Land Rover Discovery – A Startling Discovery

Land Rover Discovery – A Startling Discovery

PRESS the start button and as the engine fires up, a rotary knob arises from the central console, like a scene from Dr Who.
It left no doubt there was a lot to discover in the Land Rover Discovery.
For starters, there are quite a few of the classy compact to choose from: two with 2.2litre diesel motors, one of them a high performer, and one with 2.0litre turbo-petrol power.
The diesels have manual or auto shift and the petrol with no choice. You have to make do with the automatic, but it’s a rather special one: a ZF nine-speeder, (yes!) with paddle shift.
Then there are the spec levels.
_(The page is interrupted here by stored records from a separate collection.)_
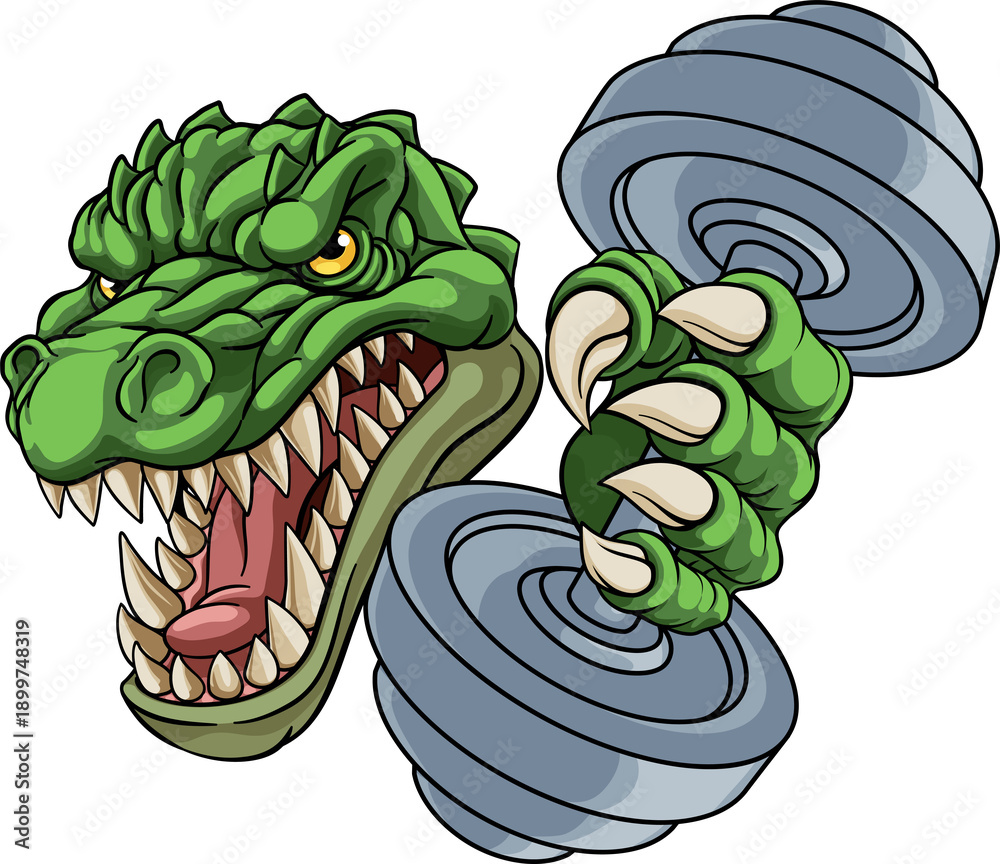Fototapeta premium A crocodile, dinosaur or alligator lizard weight lifting trainer, exercise or body building gym cartoon sports mascot holding weights dumbbell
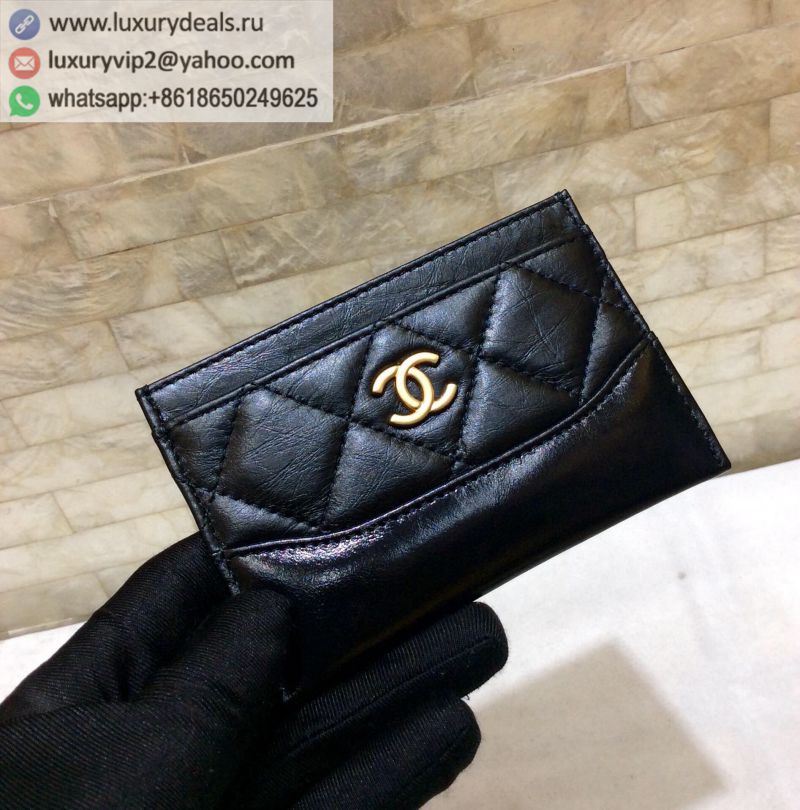 CHANEL Card Holder Wallets A84386 Black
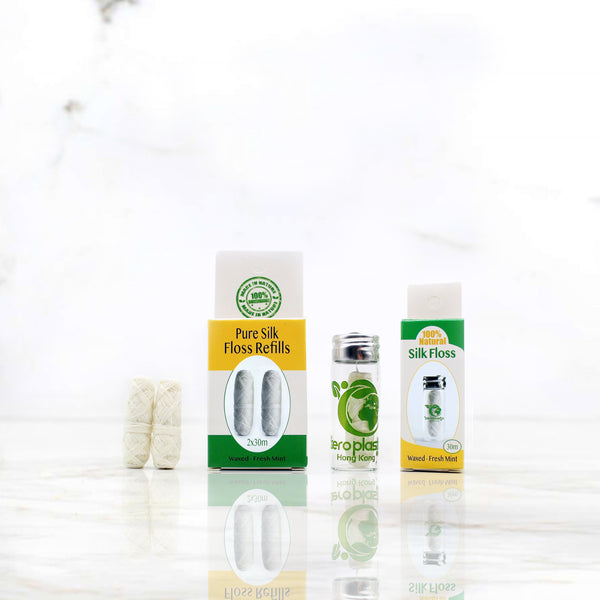 Silk Dental Floss in Glass Bottle + 2 Refill x30m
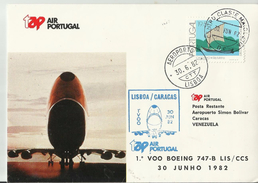 PORTUGAL Erst Flug  1982 Lisbona -Cracas - Storia Postale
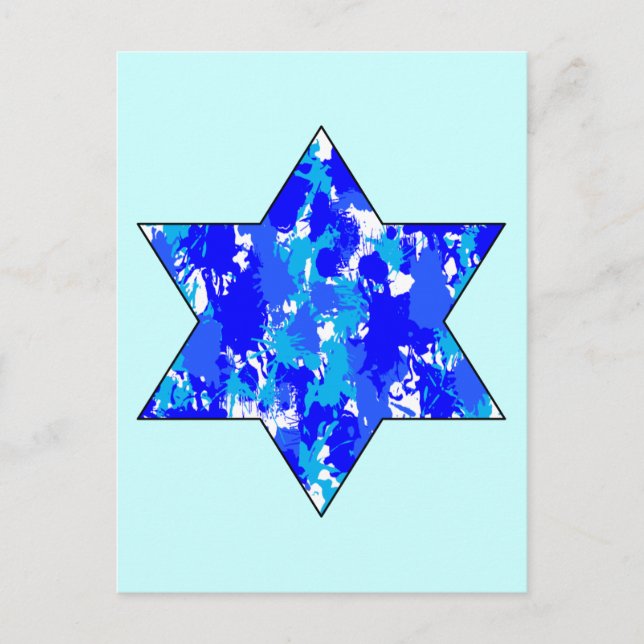 Cartão Postal Paint Splatter Blue Jewish Star (Frente)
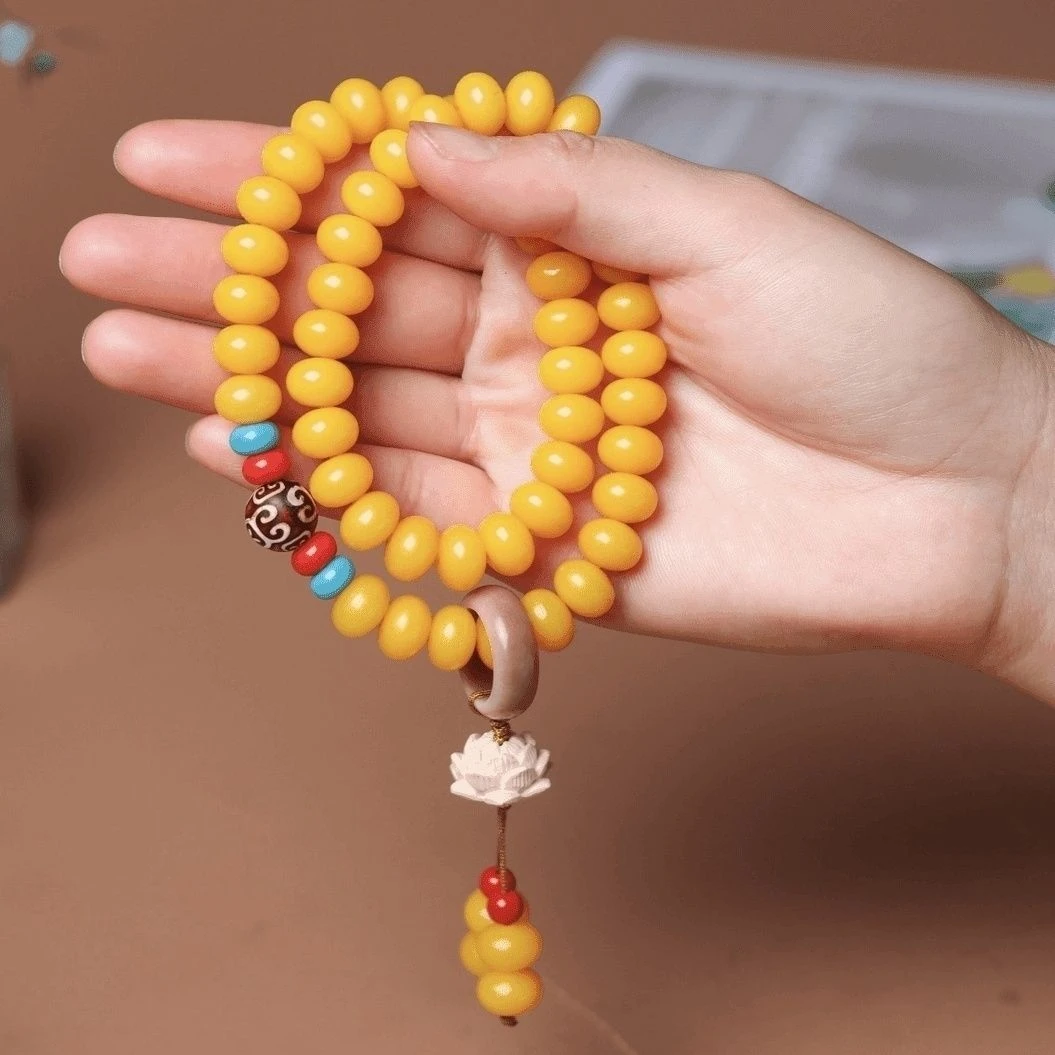 鸡油黄天然菩提根双圈手串盘玩文玩男女款算盘珠8*11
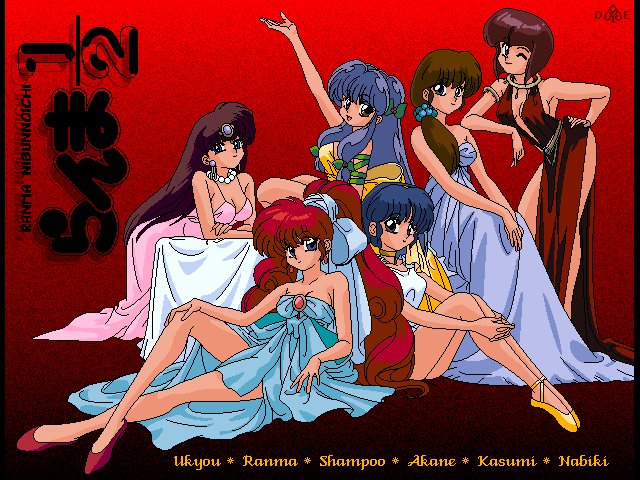 ranma-chan, shampoo, tendou akane, tendou nabiki, kuonji ukyou, and 1 more (ranma 1/2 and 1 more)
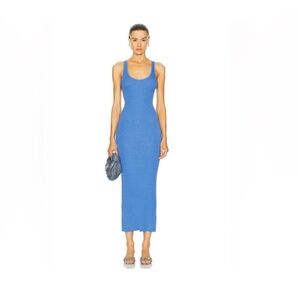 NEW XS Enza Costa Blue Ribbed Maxi Tank Dress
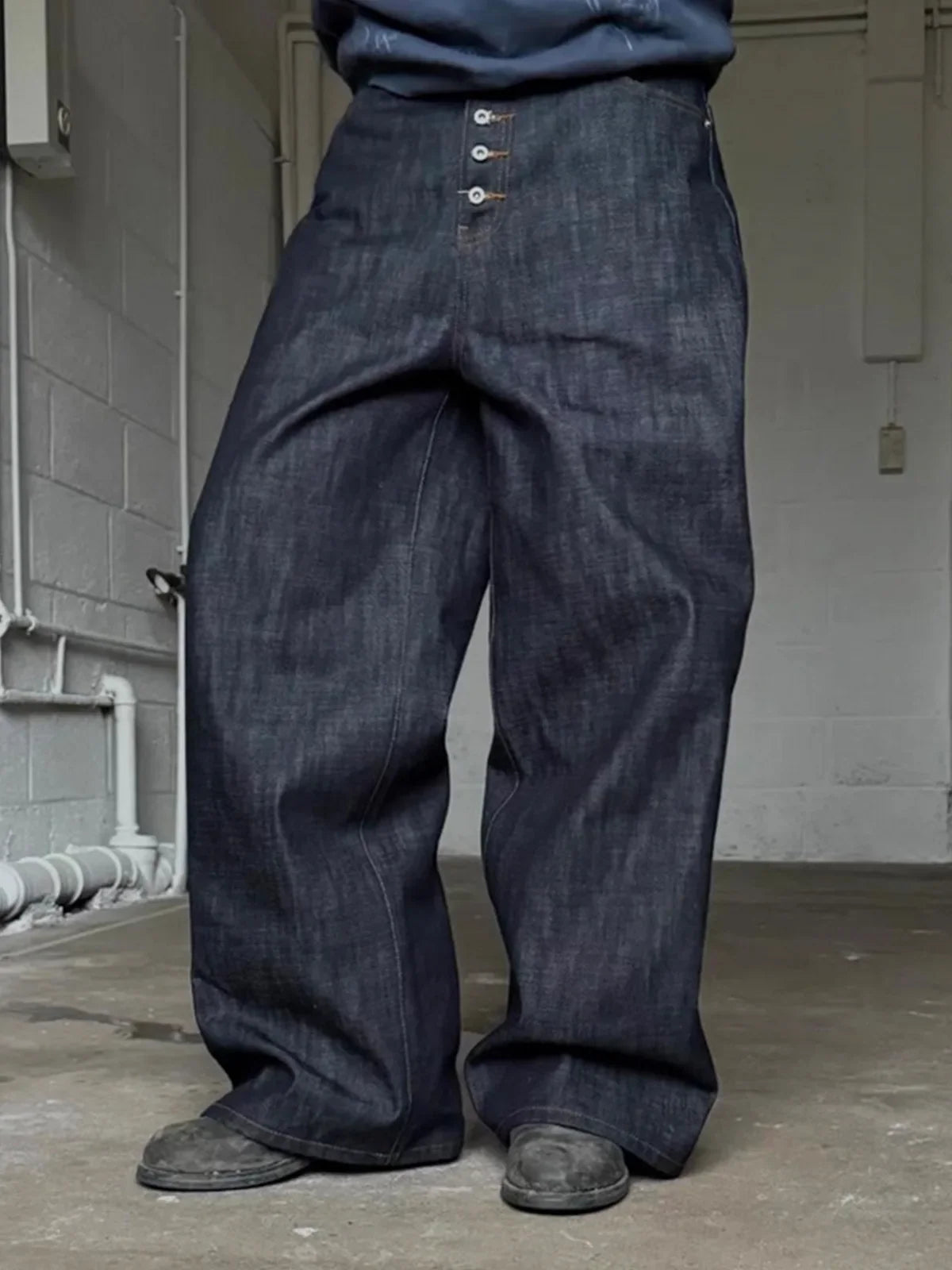 High Street Cleanfit Drak Blue Jeans for Men and Women Straight Vintage Casual Denim Trousers ZJ089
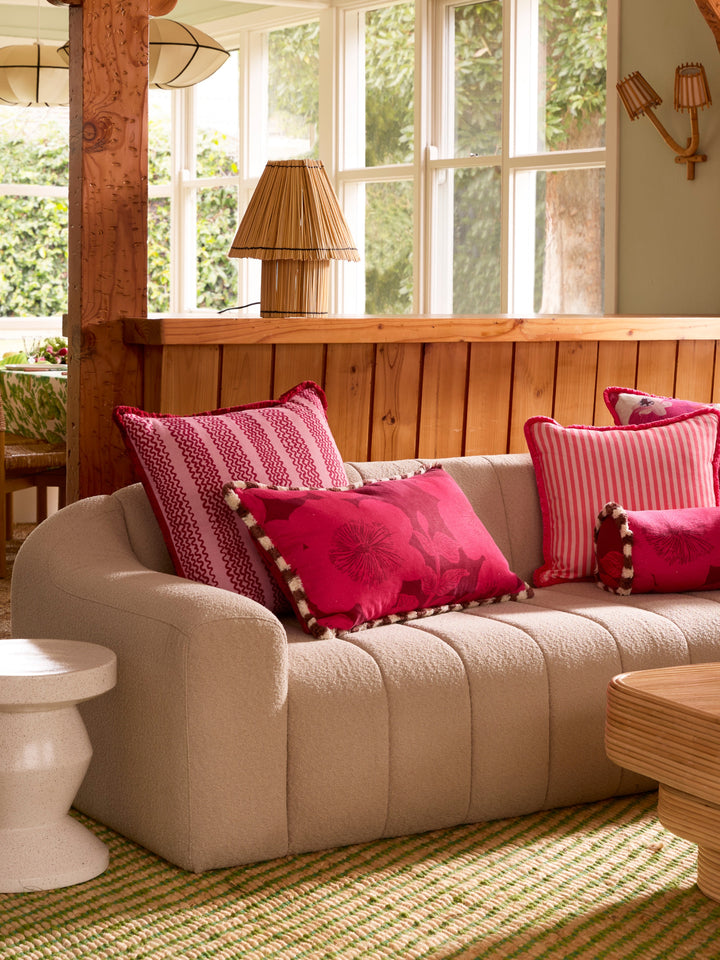 Mini Wave Pink Linen Cushion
One diesel can be had in SE, HSE or HSE Luxury trim, the other in just the first-mentioned two, and the petrol is in SE form only.
That’s the one we got, the cheapest, and quickest, of the lot.
Its full title is Land Rover Discovery Sport SE Si4 and it’s priced at $59,000.
Ours came with some optional gear that lifted the numbers to $65,000.
Very few of these cars leave the showroom in standard form, and if buyers want, they can spend a vast amount more to ‘individualise’ their steeds.
But it’s a pretty complete package as is and includes sensible items as diverse as an accident-avoiding autonomous braking feature, seven airbags, satnav, an 8-inch colour touchscreen with app functionality, 10-speaker audio system, powered front seats, leather trim, reversing camera, loads of USB ports, Terrain Response with five drive modes, and the list goes on.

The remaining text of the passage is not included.